_Exercise aim_
When you copy the records, keep every word exact and leave the pictures out.

Items from a data source
---------------

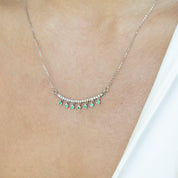 Collar barrita esmeraldas colgantes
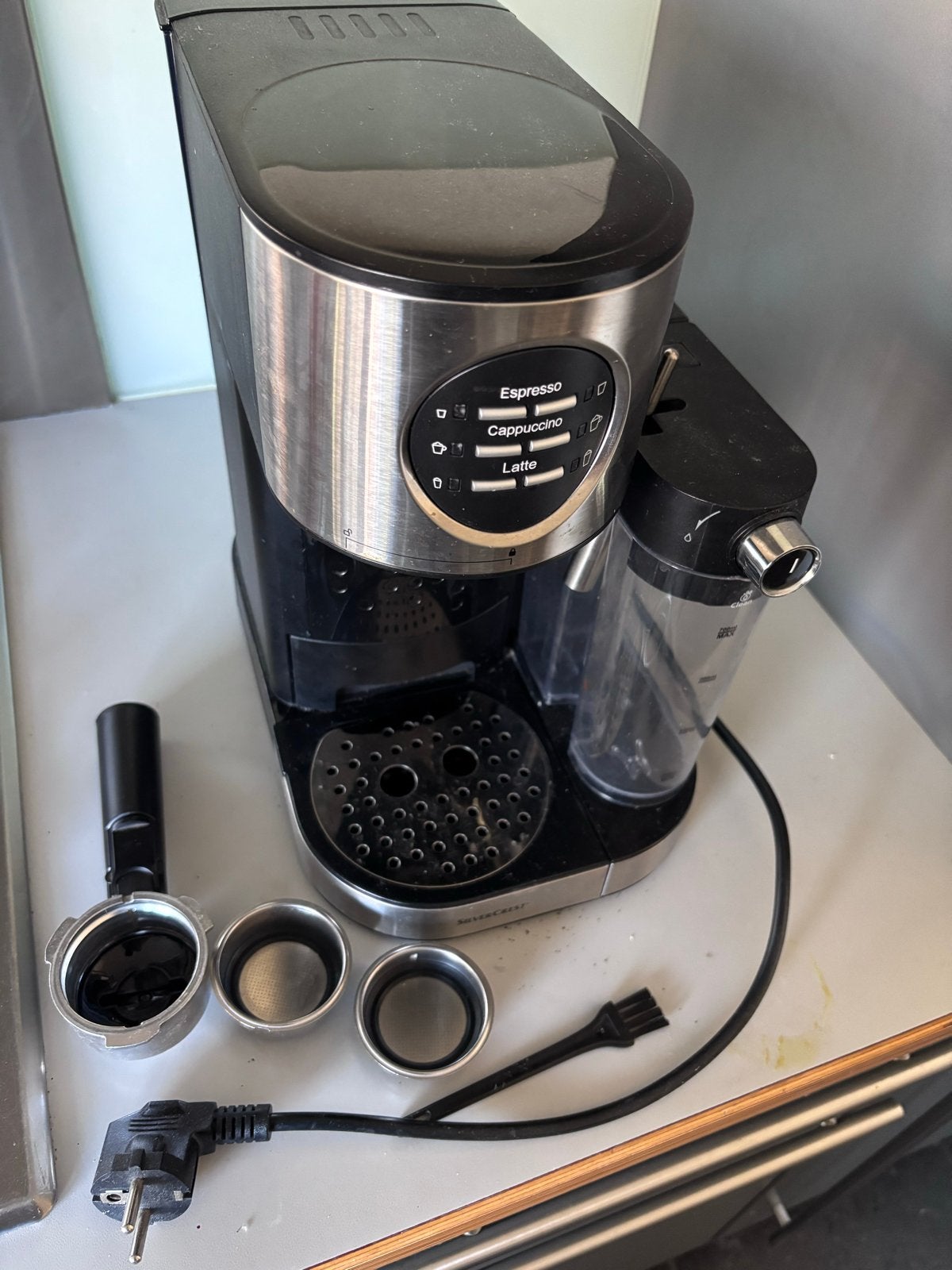 Silvercrest Espressomachine - Zo goed als nieuw, Witgoed en Apparatuur, Koffiezetapparaten, Afneembaar waterreservoir, Espresso apparaat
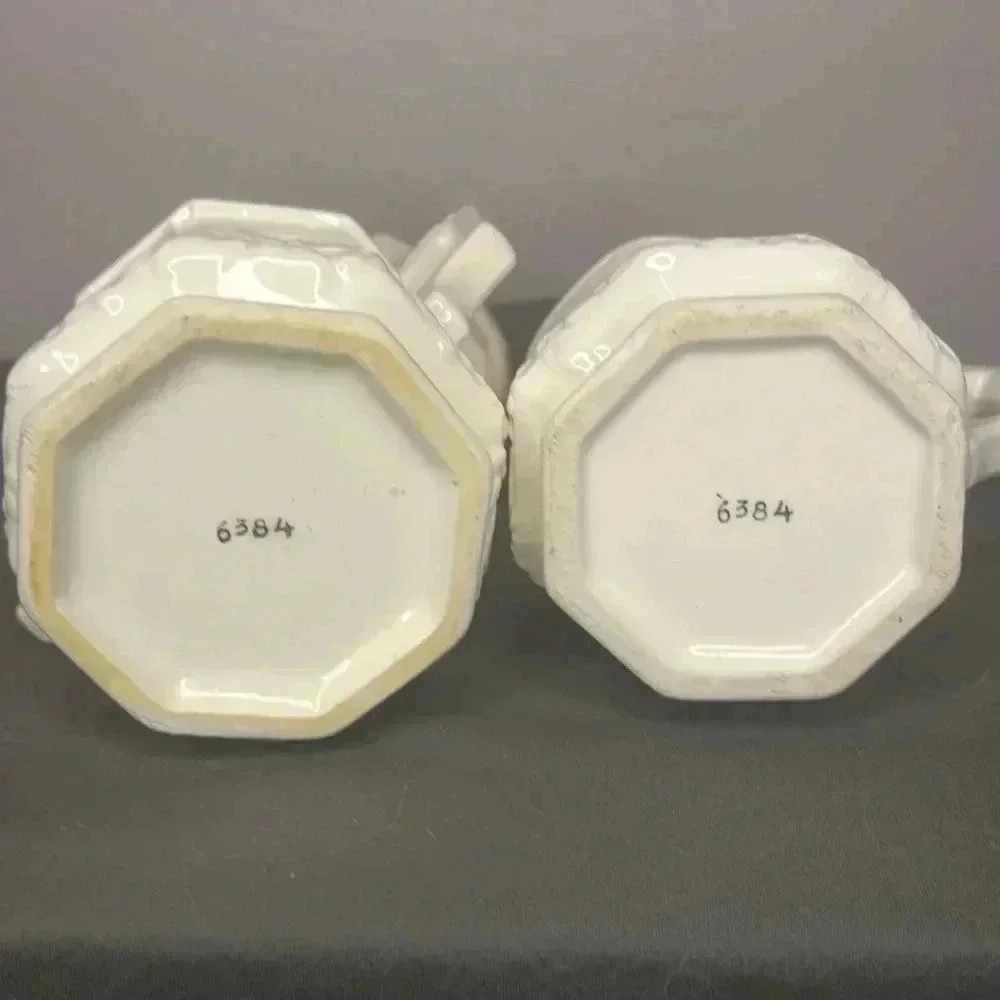 Vintage Lefton Sugar And Creamer Set - Picture 7 of 7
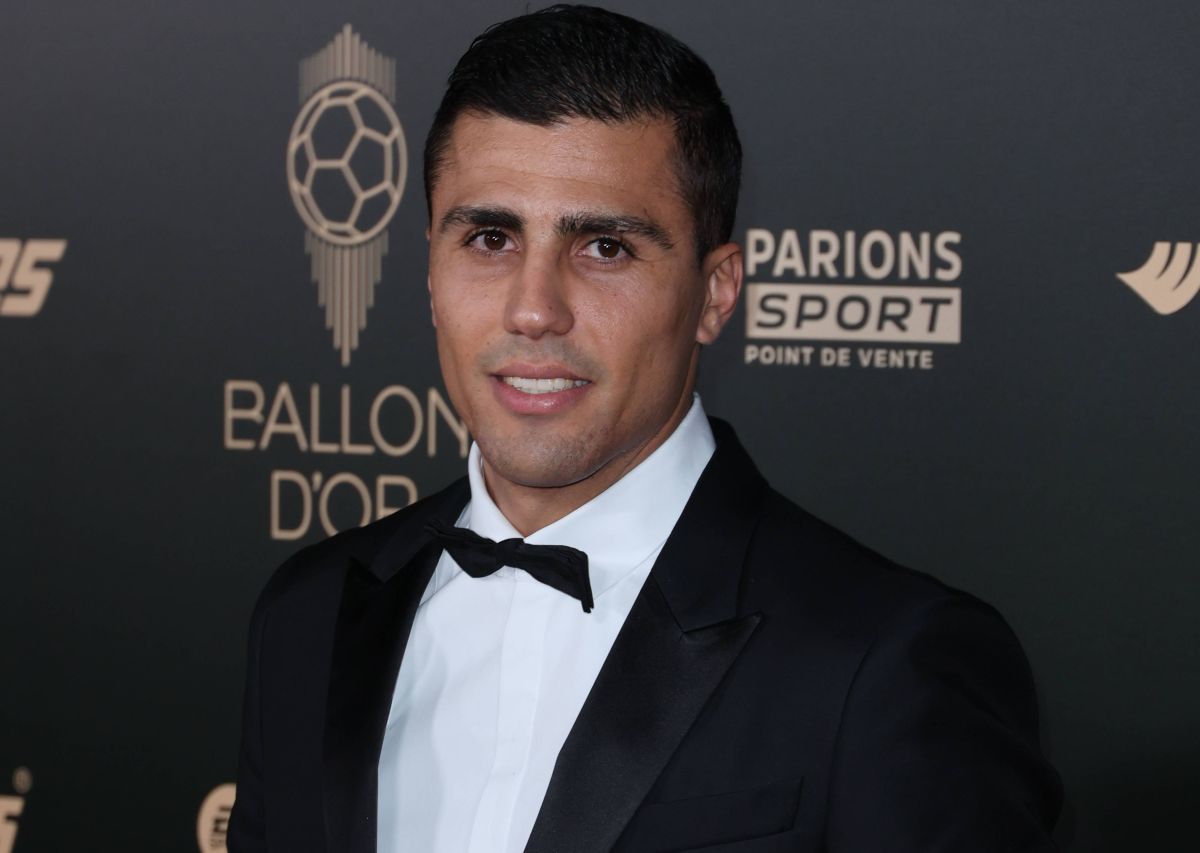 Rodri vince il Pallone d’Oro 2024 Rodri vince il Pallone d’Oro 2024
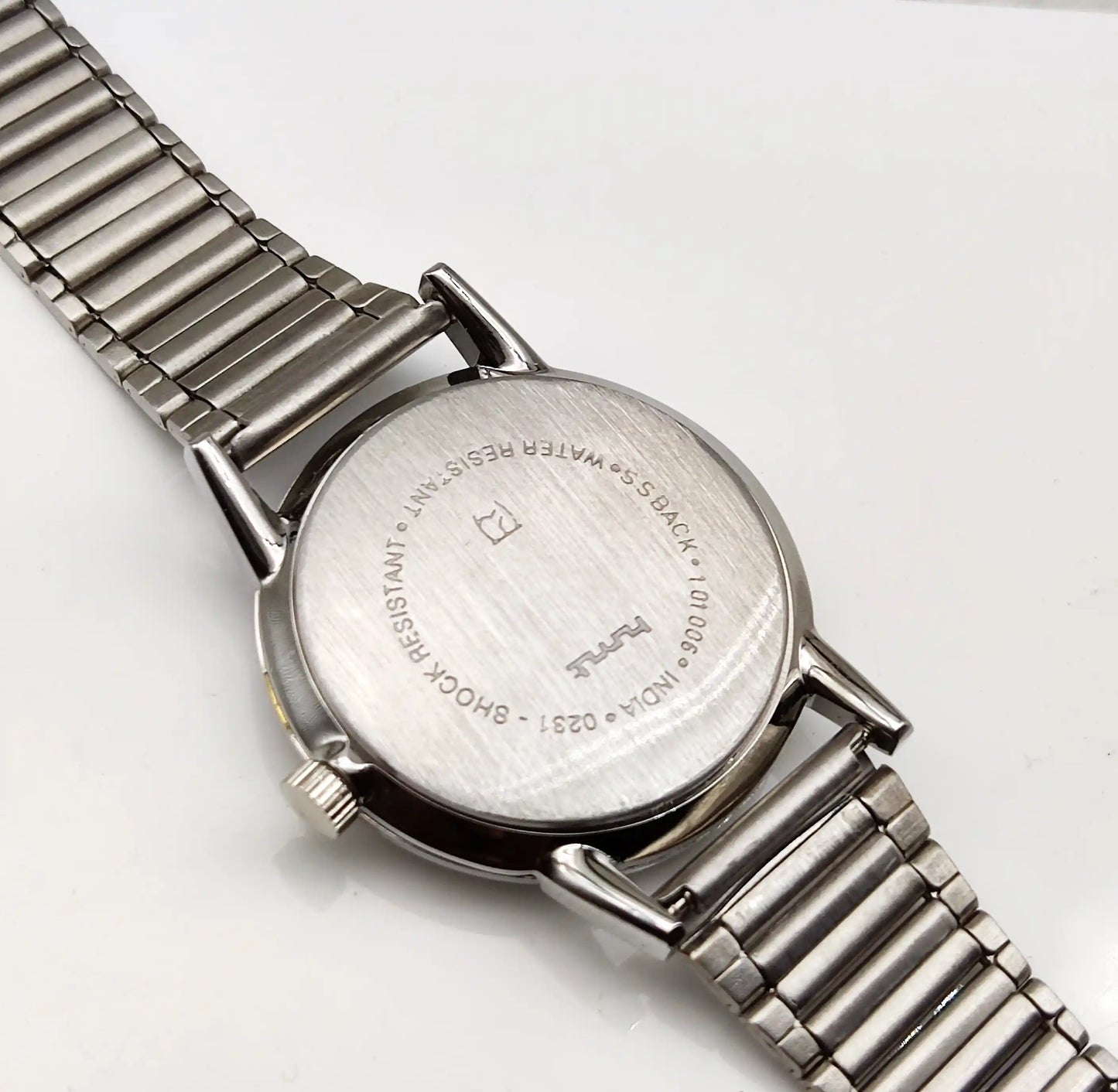 HMT Sona Handwinding 17 Jewels Maroon Dial Watch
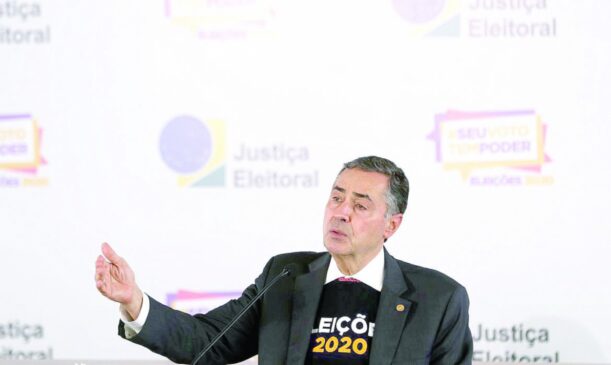 O presidente do TSE (Tribunal Superior Eleitoral), o ministro Luís Roberto Barroso durante entrevista na tarde deste domingo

---------------

_Solution for this task_
 Collar barrita esmeraldas colgantes
 Silvercrest Espressomachine - Zo goed als nieuw, Witgoed en Apparatuur, Koffiezetapparaten, Afneembaar waterreservoir, Espresso apparaat
 Vintage Lefton Sugar And Creamer Set - Picture 7 of 7
 Rodri vince il Pallone d’Oro 2024 Rodri vince il Pallone d’Oro 2024
 HMT Sona Handwinding 17 Jewels Maroon Dial Watch
 O presidente do TSE (Tribunal Superior Eleitoral), o ministro Luís Roberto Barroso durante entrevista na tarde deste domingo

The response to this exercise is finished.